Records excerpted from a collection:

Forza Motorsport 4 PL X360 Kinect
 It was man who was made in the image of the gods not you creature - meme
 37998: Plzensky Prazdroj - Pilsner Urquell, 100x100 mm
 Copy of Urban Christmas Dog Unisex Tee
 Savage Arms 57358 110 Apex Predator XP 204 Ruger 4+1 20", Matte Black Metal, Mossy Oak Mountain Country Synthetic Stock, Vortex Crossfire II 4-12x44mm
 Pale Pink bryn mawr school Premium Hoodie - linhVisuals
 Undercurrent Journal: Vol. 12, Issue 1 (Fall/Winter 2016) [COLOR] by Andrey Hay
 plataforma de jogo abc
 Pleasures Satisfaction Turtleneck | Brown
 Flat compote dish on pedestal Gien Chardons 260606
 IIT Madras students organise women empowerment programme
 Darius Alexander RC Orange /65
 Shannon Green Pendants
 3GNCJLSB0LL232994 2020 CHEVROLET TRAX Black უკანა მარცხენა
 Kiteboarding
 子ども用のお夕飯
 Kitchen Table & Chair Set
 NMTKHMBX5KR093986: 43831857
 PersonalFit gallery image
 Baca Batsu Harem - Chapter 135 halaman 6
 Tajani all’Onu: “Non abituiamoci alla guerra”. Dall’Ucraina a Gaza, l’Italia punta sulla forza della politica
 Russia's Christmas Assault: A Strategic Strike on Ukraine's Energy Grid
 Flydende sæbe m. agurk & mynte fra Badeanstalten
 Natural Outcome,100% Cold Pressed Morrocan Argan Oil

# Task to carry out:
The answer should consist only of the lines from the one containing "Undercurrent Journal: Vol." through the last line of the data, given again exactly.

# Task response:
 Undercurrent Journal: Vol. 12, Issue 1 (Fall/Winter 2016) [COLOR] by Andrey Hay
 plataforma de jogo abc
 Pleasures Satisfaction Turtleneck | Brown
 Flat compote dish on pedestal Gien Chardons 260606
 IIT Madras students organise women empowerment programme
 Darius Alexander RC Orange /65
 Shannon Green Pendants
 3GNCJLSB0LL232994 2020 CHEVROLET TRAX Black უკანა მარცხენა
 Kiteboarding
 子ども用のお夕飯
 Kitchen Table & Chair Set
 NMTKHMBX5KR093986: 43831857
 PersonalFit gallery image
 Baca Batsu Harem - Chapter 135 halaman 6
 Tajani all’Onu: “Non abituiamoci alla guerra”. Dall’Ucraina a Gaza, l’Italia punta sulla forza della politica
 Russia's Christmas Assault: A Strategic Strike on Ukraine's Energy Grid
 Flydende sæbe m. agurk & mynte fra Badeanstalten
 Natural Outcome,100% Cold Pressed Morrocan Argan Oil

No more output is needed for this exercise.